Numpy outlier removal

Robert Kern robert.kern at
Mon Jan 7 16:35:05 CET 2013

On 07/01/2013 15:20, Oscar Benjamin wrote:
> On 7 January 2013 05:11, Steven D'Aprano
> <steve+comp.lang.python at> wrote:
>> On Mon, 07 Jan 2013 02:29:27 +0000, Oscar Benjamin wrote:
>>> On 7 January 2013 01:46, Steven D'Aprano
>>> <steve+comp.lang.python at> wrote:
>>>> On Sun, 06 Jan 2013 19:44:08 +0000, Joseph L. Casale wrote:
>>>> I'm not sure that this approach is statistically robust. No, let me be
>>>> even more assertive: I'm sure that this approach is NOT statistically
>>>> robust, and may be scientifically dubious.

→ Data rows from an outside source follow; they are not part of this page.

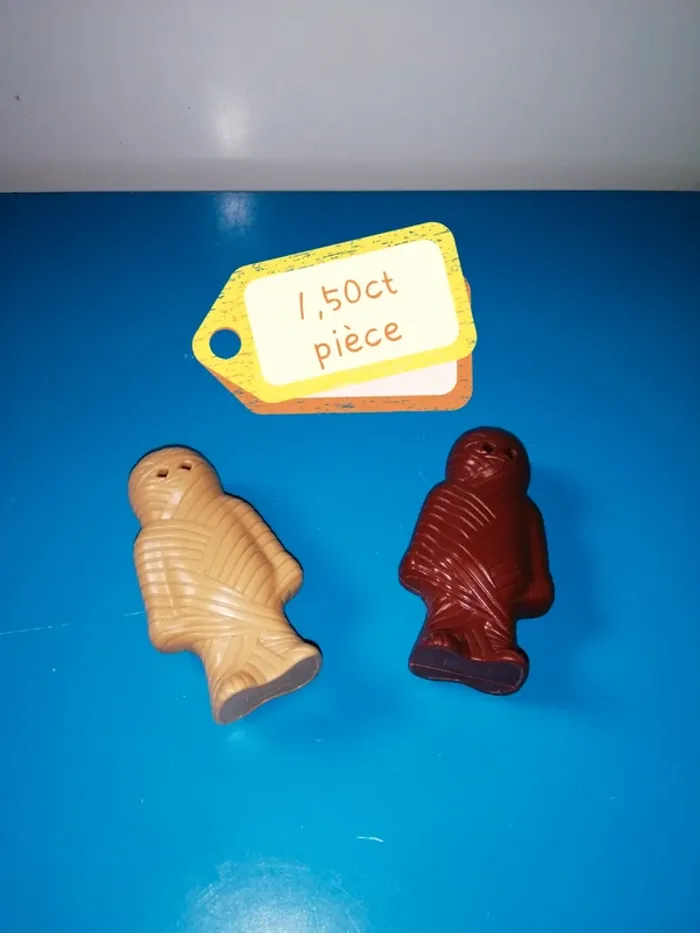 Thème* accrssoire / momie - urne - buste - drapeau - photo numéro 2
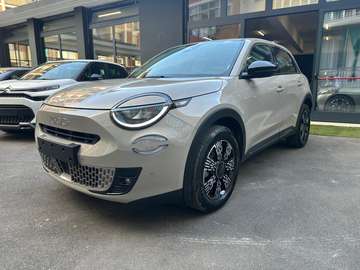 1.2 Hybrid 145cv Auto + LED + Navi + Cerchi R18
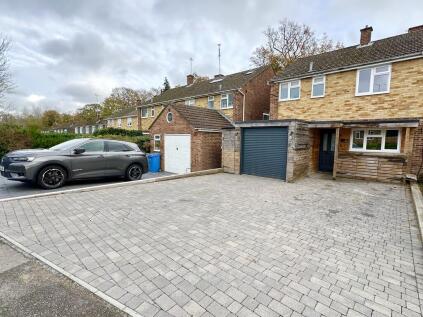 Tudor Drive, Yateley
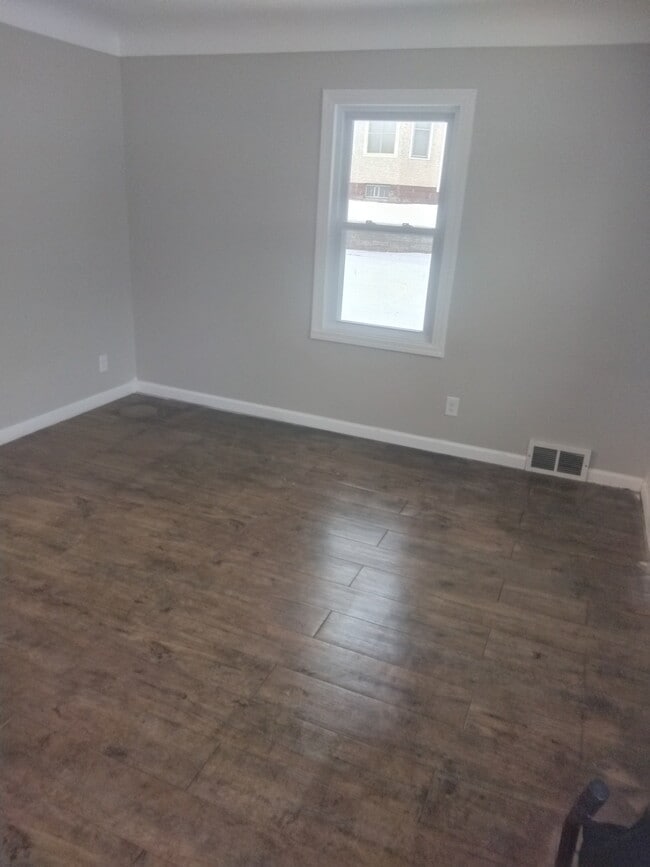 Building Photo - Tilahun Property - 2 Unit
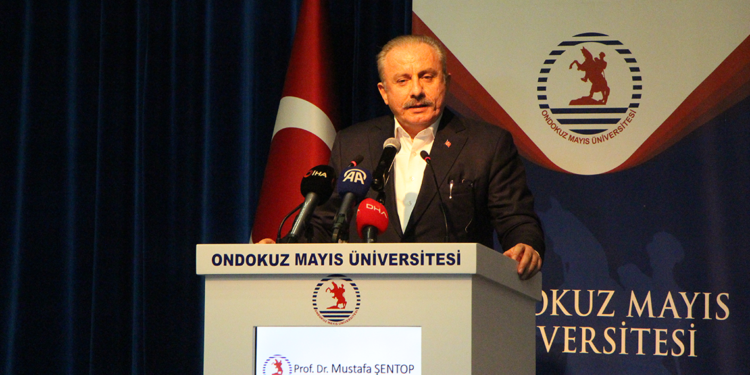 Anayasalar da zaman içerisinde eskiyor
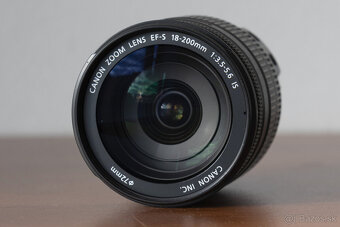 CANON EF-S 18-200mm f/3.5 - 5.6 IS - 2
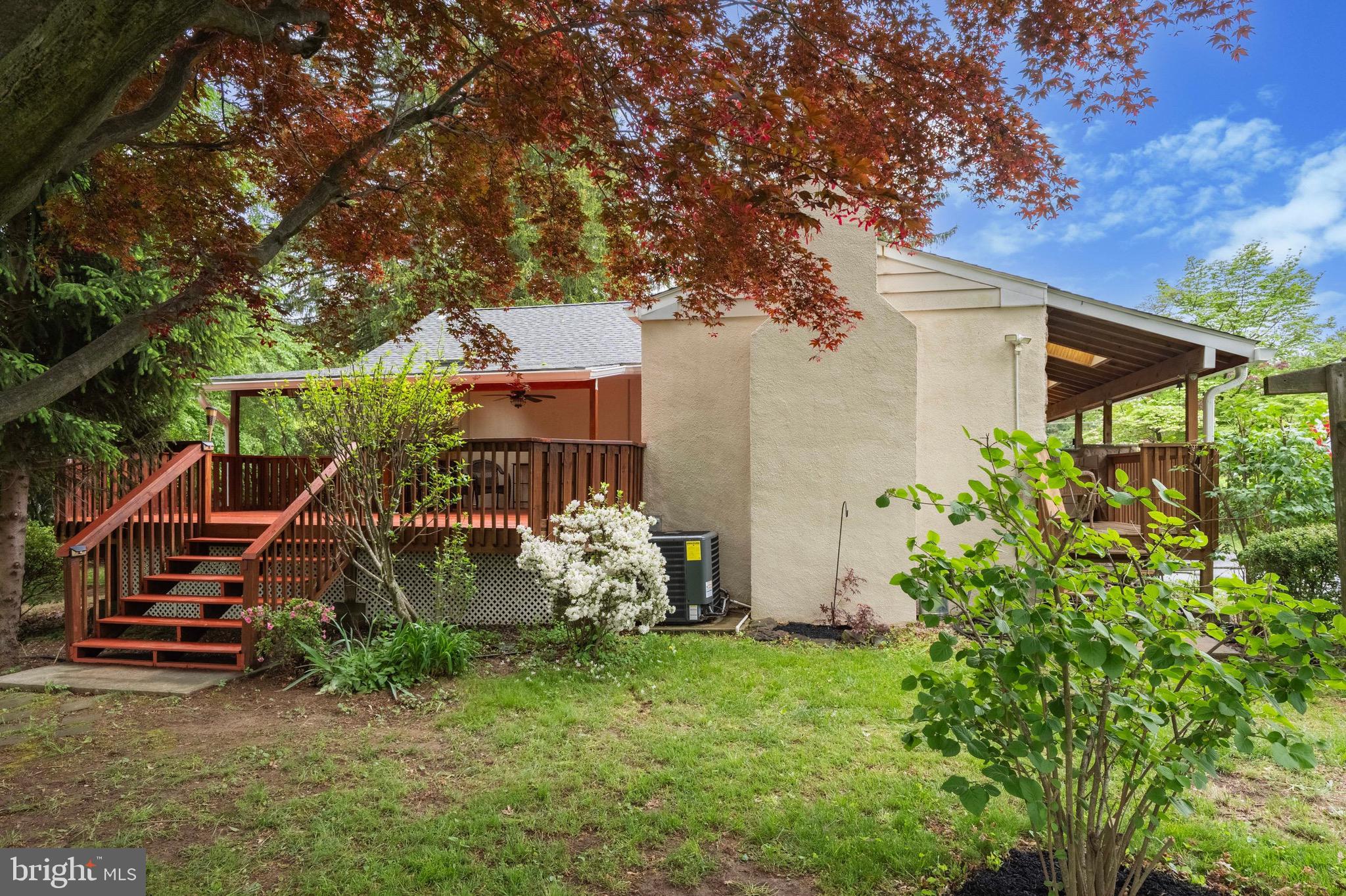 FEASTERVILLE - Residential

>>> Whether or not this is "statistically robust" requires more explanation
>>> about the OP's intention.
>> Not really. Statistics robustness is objectively defined, and the user's
>> intention doesn't come into it. The mean is not a robust measure of
>> central tendency, the median is, regardless of why you pick one or the
>> other.
> Okay, I see what you mean. I wasn't thinking of robustness as a
> technical term but now I see that you are correct.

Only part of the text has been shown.